The spokesman for the Judea and Samaria police district, Chief Inspector Dudi Asraf, said the police were unaware of any graffiti until the July 2 incident, and that it deals with “all criminal offenses it knows of and for which proper complaints are filed.”

But Ta’ayush said that even when complaints filed are backed up by photographs, the police do not pursue the investigation. Ta’ayush said that last week, the Judea and Samaria police announced that for lack of evidence, it was closing a complaint filed a year ago by Ta’ayush activists against two settlers for trespassing and damaging a car belonging to a Susya resident. The incident was recorded on video and the names of the alleged attackers are known.
Susya is not the only place in the southern Hebron Hills where harassment of Palestinians is being documented.

Activists from Ta’ayush and Rabbis for Human Rights documented 45 cases of harassment of Palestinians by settlers from the beginning of 2012, just in the area of the Maon Farm outpost. The incidents documented included the uprooting of trees, stone-throwing, attacks on activists, destruction of water pipes and wells, and racist graffiti.
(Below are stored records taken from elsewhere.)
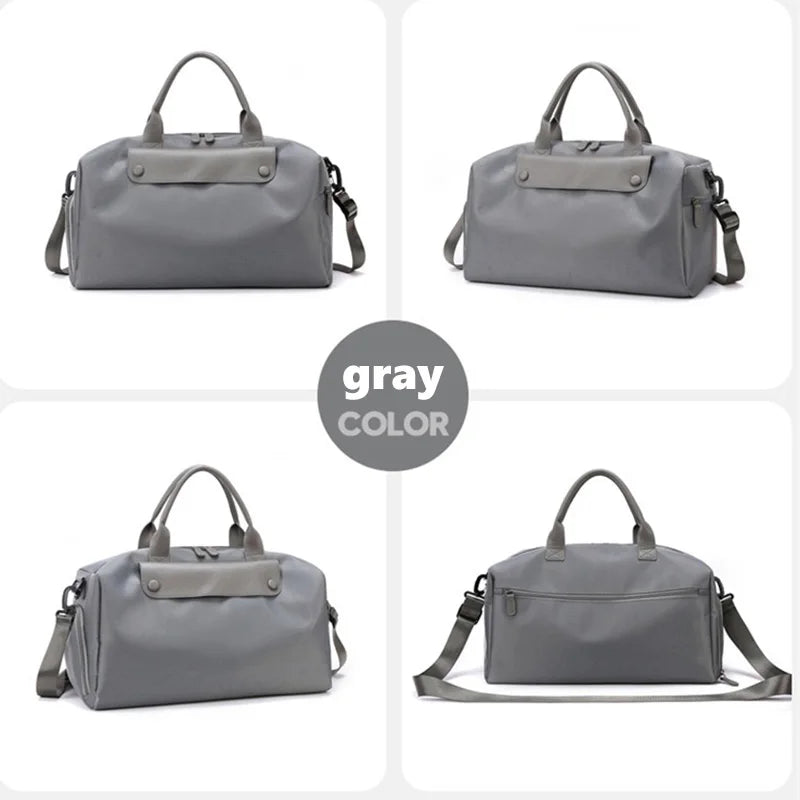 Customizable Name Crossbody Sports and Fitness Bag Oxford Cloth Women's Bag Luggage Bag Lightweight Short Distance Travel Bag
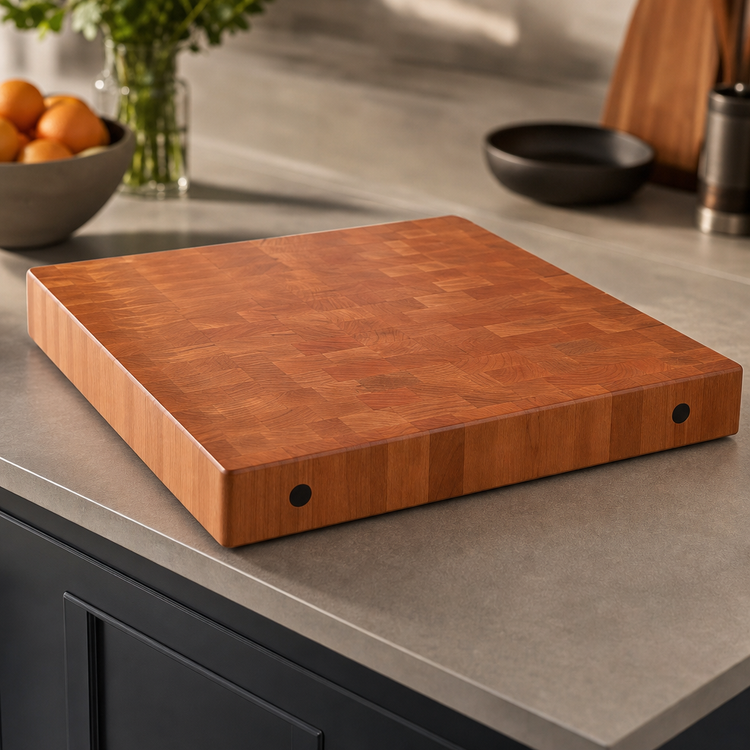 Product image #4 for Boos Block End Grain American Cherry Island Countertop, 24 x 25 x 7 Inch Thick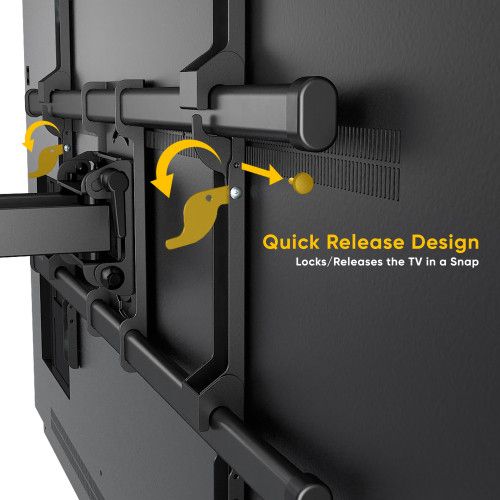 Designer × Homemade Full Motion Extra Extension TV mount for 43-90" Size US L / EU 52-54 / 3 - 6 Thumbnail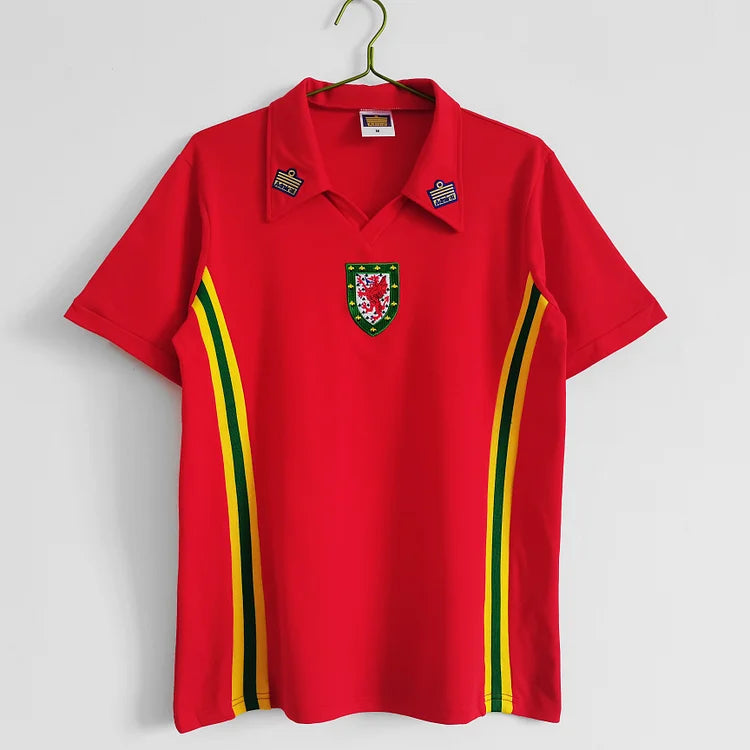 1976/79 Wales home retro jersey 1:1 Thai quality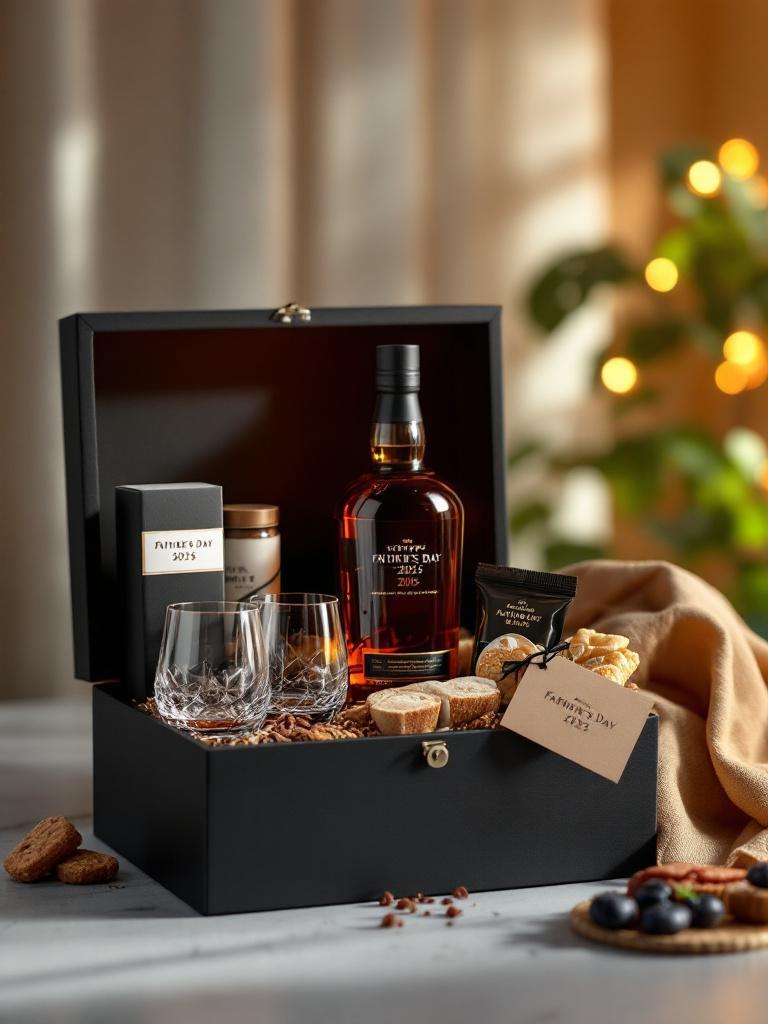 Premium Father’s Day drink hampers Nepal — engraved Johnnie Walker whisky, Old Durbar malt, and Maison Castel wines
Skinny-dipping in drinking water

On June 27, for example, settlers from Maon Farm, accompanied by soldiers, came to private land owned by the Rabe’i family and entered a water reservoir naked that is used for drinking and watering flocks.

In a letter sent last Monday to GOC Central Command Nitzan Alon, to the commander of the Judea and Samaria police district Maj. Gen. Amos Yaakov, and to the military legal adviser in the West Bank, Col. Eli Bar-On, the attorney for Rabbis for Human Rights, Maya Keren, detailed six cases of harassment out of about 10 documented just in the past month. She warned against escalation that she said was made possible by “fundamental and serious flaws in law enforcement in the territories and inaction toward the criminal activity of settlers.”

Olive trees destroyed

On Tuesday, about 10 mature olive trees were destroyed during the previous night and graffiti was painted. These and other incidents were all reported to the police.
However, according to statements made by the police representative Amitai Amos at the hearing discussing the terms of release of the four protesters arrested on Saturday, the police believe the protesters’ actions are as dangerous as the Haredi anti-Zionist graffiti daubed at Yad Vashem last week.

This comparison emerged when Amos, requesting that the court order the four activists banned from the Hebron area for six months, told Jerusalem Magistrate’s Court Judge Oded Shaham: “The area is very tense. The leftist activists that come there only stir things up. These are not very serious offenses, but I show you the indictment regarding the defamatory graffiti at Yad Vashem. The circumstances and the situation reveals danger.”

However, Shaham countered: “There is no complaint that any of the respondents acted violently. Even given the explosive situation in the area of the events, it is difficult to find justification for the respondents’ arrest.”

The judge accepted the police charge of property damage against the four; however, noting that the offense was not serious, he ordered the four banned from the area for 30 days.